Start of Supplied entries

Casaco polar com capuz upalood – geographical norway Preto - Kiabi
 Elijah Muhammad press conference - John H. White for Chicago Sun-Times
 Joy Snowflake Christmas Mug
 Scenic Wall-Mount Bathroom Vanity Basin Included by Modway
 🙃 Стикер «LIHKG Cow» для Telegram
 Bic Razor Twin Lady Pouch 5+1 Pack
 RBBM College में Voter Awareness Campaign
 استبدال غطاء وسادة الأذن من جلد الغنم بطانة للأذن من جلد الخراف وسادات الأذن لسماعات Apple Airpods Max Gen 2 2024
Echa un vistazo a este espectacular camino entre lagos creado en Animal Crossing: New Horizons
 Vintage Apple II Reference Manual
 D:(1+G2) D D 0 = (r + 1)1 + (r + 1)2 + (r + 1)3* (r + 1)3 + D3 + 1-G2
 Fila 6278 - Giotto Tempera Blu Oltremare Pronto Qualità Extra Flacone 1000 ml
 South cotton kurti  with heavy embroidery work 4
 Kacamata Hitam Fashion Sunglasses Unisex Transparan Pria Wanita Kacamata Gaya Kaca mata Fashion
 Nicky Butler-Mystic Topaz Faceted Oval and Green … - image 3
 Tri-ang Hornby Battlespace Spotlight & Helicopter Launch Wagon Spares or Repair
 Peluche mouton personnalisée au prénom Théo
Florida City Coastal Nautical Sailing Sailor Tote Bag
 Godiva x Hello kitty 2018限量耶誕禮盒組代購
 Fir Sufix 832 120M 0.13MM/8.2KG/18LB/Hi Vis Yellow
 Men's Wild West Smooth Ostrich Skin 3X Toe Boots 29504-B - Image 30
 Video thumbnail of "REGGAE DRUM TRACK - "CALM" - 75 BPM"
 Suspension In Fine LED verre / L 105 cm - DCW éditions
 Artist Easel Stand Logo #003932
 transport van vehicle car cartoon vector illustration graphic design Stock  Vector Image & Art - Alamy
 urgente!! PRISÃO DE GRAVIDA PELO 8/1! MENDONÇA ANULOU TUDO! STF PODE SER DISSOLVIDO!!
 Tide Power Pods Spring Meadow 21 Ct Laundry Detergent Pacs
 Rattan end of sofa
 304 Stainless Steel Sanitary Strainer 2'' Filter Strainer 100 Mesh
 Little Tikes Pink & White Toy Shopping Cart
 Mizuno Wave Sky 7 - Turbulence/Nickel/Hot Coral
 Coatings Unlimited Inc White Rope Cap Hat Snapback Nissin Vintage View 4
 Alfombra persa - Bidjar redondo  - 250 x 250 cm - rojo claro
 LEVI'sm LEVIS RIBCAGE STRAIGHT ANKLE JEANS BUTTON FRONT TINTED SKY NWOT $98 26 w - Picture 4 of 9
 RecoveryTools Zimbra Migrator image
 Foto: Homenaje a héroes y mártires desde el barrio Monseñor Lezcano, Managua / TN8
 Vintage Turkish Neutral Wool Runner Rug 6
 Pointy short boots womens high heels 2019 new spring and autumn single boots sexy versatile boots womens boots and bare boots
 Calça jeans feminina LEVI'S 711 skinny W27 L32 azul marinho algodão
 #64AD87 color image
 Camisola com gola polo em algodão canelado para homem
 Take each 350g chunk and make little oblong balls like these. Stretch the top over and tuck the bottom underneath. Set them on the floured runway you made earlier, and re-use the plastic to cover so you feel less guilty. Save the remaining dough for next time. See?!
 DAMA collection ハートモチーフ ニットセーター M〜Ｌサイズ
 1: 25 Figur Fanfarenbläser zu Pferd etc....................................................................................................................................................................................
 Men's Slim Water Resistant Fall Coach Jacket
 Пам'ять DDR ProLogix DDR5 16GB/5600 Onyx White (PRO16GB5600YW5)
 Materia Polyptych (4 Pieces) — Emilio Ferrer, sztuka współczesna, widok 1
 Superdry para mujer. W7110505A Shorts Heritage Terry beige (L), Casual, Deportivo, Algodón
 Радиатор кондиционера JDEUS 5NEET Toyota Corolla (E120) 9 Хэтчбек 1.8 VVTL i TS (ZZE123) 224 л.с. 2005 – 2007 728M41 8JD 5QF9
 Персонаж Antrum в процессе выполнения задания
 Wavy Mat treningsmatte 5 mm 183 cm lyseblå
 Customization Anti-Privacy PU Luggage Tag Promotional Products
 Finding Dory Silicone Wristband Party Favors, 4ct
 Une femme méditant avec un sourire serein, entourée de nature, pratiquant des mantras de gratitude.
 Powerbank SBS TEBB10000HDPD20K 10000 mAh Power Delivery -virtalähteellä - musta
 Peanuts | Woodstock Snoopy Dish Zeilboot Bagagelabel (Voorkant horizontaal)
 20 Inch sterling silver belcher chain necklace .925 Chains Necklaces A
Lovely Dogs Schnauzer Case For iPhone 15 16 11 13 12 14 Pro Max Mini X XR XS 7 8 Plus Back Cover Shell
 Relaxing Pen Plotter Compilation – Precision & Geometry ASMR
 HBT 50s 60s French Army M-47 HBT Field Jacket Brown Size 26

End of Supplied entries

Prompt
Please, from the entries above, set down exactly the lines from the one containing "Customization Anti-Privacy PU" through the one containing "Lovely Dogs Schnauzer", and only those.

Output of the exercise
 Customization Anti-Privacy PU Luggage Tag Promotional Products
 Finding Dory Silicone Wristband Party Favors, 4ct
 Une femme méditant avec un sourire serein, entourée de nature, pratiquant des mantras de gratitude.
 Powerbank SBS TEBB10000HDPD20K 10000 mAh Power Delivery -virtalähteellä - musta
 Peanuts | Woodstock Snoopy Dish Zeilboot Bagagelabel (Voorkant horizontaal)
 20 Inch sterling silver belcher chain necklace .925 Chains Necklaces A
Lovely Dogs Schnauzer Case For iPhone 15 16 11 13 12 14 Pro Max Mini X XR XS 7 8 Plus Back Cover Shell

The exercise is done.